I had to explain the need to “honor,”
to “remember,”
to tend to her innocent and inquiring mind,
as my mother had to do with me,
when FDR died in 1945,
and I couldn’t listen to shows like Amos & Andy
on the radio…

Oh, I can see her in so many scenarios:
She and her brother and sister
ducking down in the back seat,
so embarrassed,
as I drove them through the streets to their school
in our rusty old 49 Ford
with its upholstery coming apart at the seams,
and its muffler
gasping and coughing in decibels
that could wake the deaf,
the horn, at times, honking on its own.
And I was red-faced too
but that raggedy-assed car
was getting us from point A to point B
and that’s all I could ask
on my beginning teacher salary…
It was rough. The world was rough.

Boiling:
Vietnam War!
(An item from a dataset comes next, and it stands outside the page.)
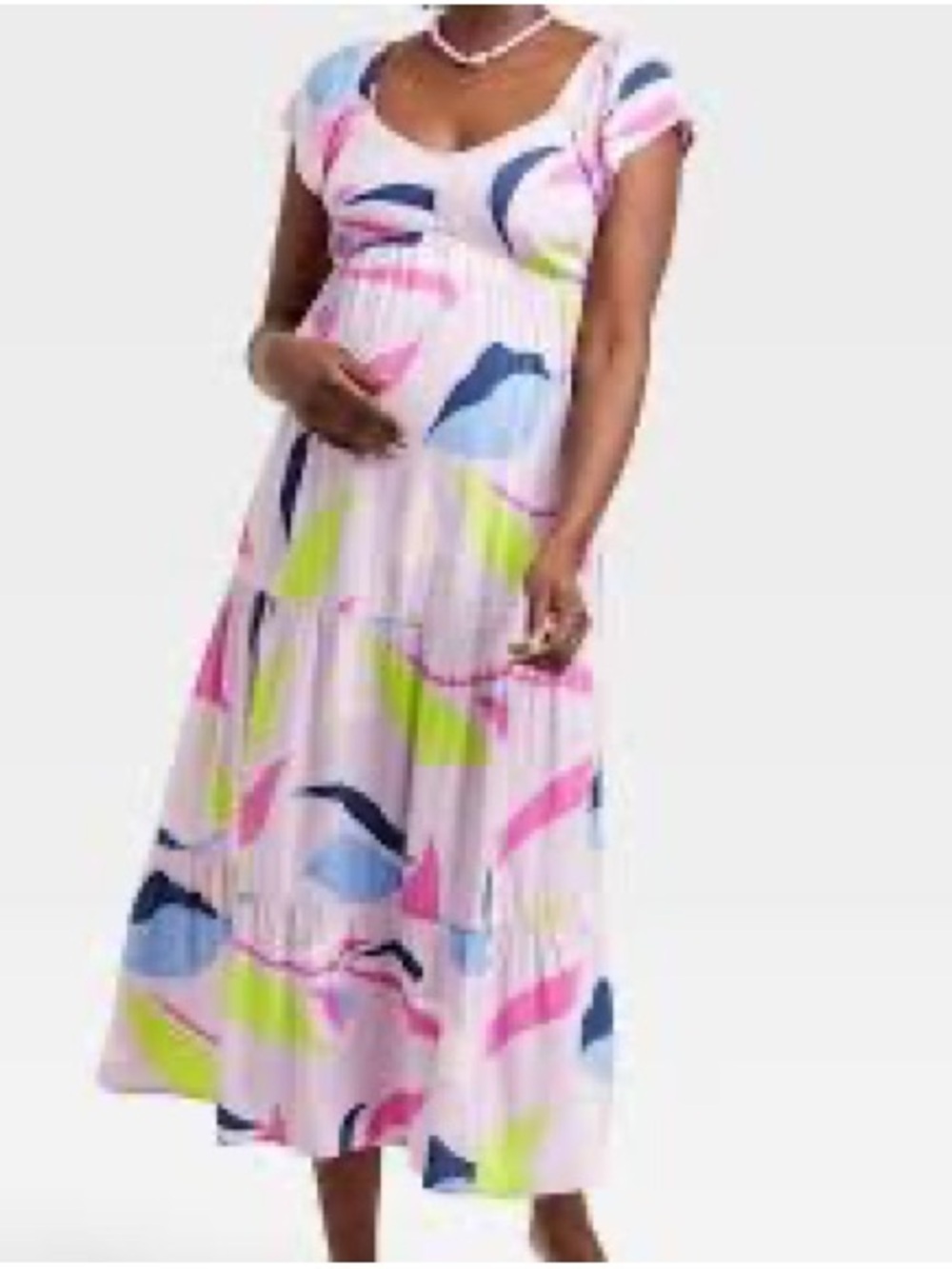 Sleeveless Tiered Maxi Dress in Pastel & neon Print 90s. Ruffle230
Police clubs and police dogs unleashed
on black folks who sought equality,
and college students
were gassed demanding free speech and peace…
And such matters are bound to make it to
a father and a daughter
and I recall a conversation
that began
with me asking Debbie why she had cut ties with
a white girl, who, at the time was her best friend
and she replied “Because you are going around
wearing a dashiki and talking about Black Power.”
We must have talked for more than an hour,
with me underlining
how what I was talking about
wasn’t about hating anybody
but about a people loving themselves,
appreciating who they are
and standing in their blackness with pride…
Then it was:
“Well, if we’re supposed to love ourselves,
how come you insist that I go to Paradise Hills that is mostly white
when I want to go to Knox that’s mostly black?”
I had to pause on that
because it took me back.
But the fact
was one school had a kicking PTA and all kinds
of rich activities and a dynamite staff
and the other school, at that point in time,
was a little behind the curve
when it came to such things.
Debbie didn’t buy that until much later in life
when she was choosing learning environments
for her offspring.

I remember great times:
Beaming with joy
listening to her play clarinet
in the the City School’s All-City Elementary School Band;
writing down one of her rbi’s
as scorekeeper and team dad of her softball team…
And I remember our agonizing moments
when our family
fell apart
in ways
that I’ve never been able to fully understand
and/or explain,
as I only know my version
of what happened
in all that misery and pain.
All that in many ways
sent us off in separate ways,
but we managed to squeeze some bright moments in
like when I was her Lamaze partner
for the birth of her first son,
my first grandson,
while her husband-to-be
was away at sea.
That was an experience
of a lifetime for me.

And I will forever hold dear
our clearing the air,
a few days before her cardiac arrest,
of a few misconceptions
and impressions
she had of my role
in the unraveling
of our family.
Without that conversation
my grief would be way more overwhelming
than it already is.
I thank Debbie for those precious moments
and for being the first of my children
to help me find out who I am,
guiding me into being as decent a father
and human being as I can be.
May she rest in the most gentle of peace
in that “better place,”
wherever that place might be.

{ 3 comments… read them below or add one }

avatar Debbie November 14, 2017 at 10:47 am

Ernie, a big hug to you. Such a wonderful father who speaks with so much love for his daughter. Peace and happy memories to you.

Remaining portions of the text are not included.